Luca still didn’t say anything, but he nodded once, a muscle ticking in his jaw.
For a moment, Everly continued to watch Luca, waiting for a reaction, an outburst, but there was nothing. His eyes stared dully at the floor by his feet, flitting upward every few seconds as though seeking after ghosts in the room that Everly couldn’t see. Gently, she took his hand in hers and began to pull him toward the door.
Once they were out in the hall, Everly paused. “Where should we look first?”
As though broken from a trance, Luca straightened, and took in a single, deep breath. “Probably the public access rooms. I checked most of them earlier, but maybe someone has seen him recently.”

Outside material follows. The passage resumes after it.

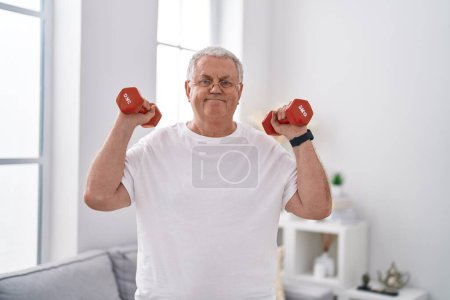Foto de Hombre de pelo gris de mediana edad sonriendo confiado usando pesas de entrenamiento en casa - Imagen libre de derechos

Everly followed Luca to the dining hall, which was still full of kids, despite the late hour of the afternoon, as well as a handful of runners standing silently around the perimeter.
Luca scanned the sea of faces, growing frustrated when the one person he wanted to be there was missing. Shoulders hunched, Luca turned back the way they had come, gesturing for Everly to follow.
They quickly ran through a series of rooms that Luca saw as possible places where Caleb might have been, having no luck. After an hour of searching, as they were heading away from the dome, they spotted Anker coming from the opposite hall. When he saw Everly and Luca, Anker’s eyes widened noticeably. Luca, spotting him, shouted out his name. As if realizing that he had nowhere to go, Anker came over, a tight look on his face.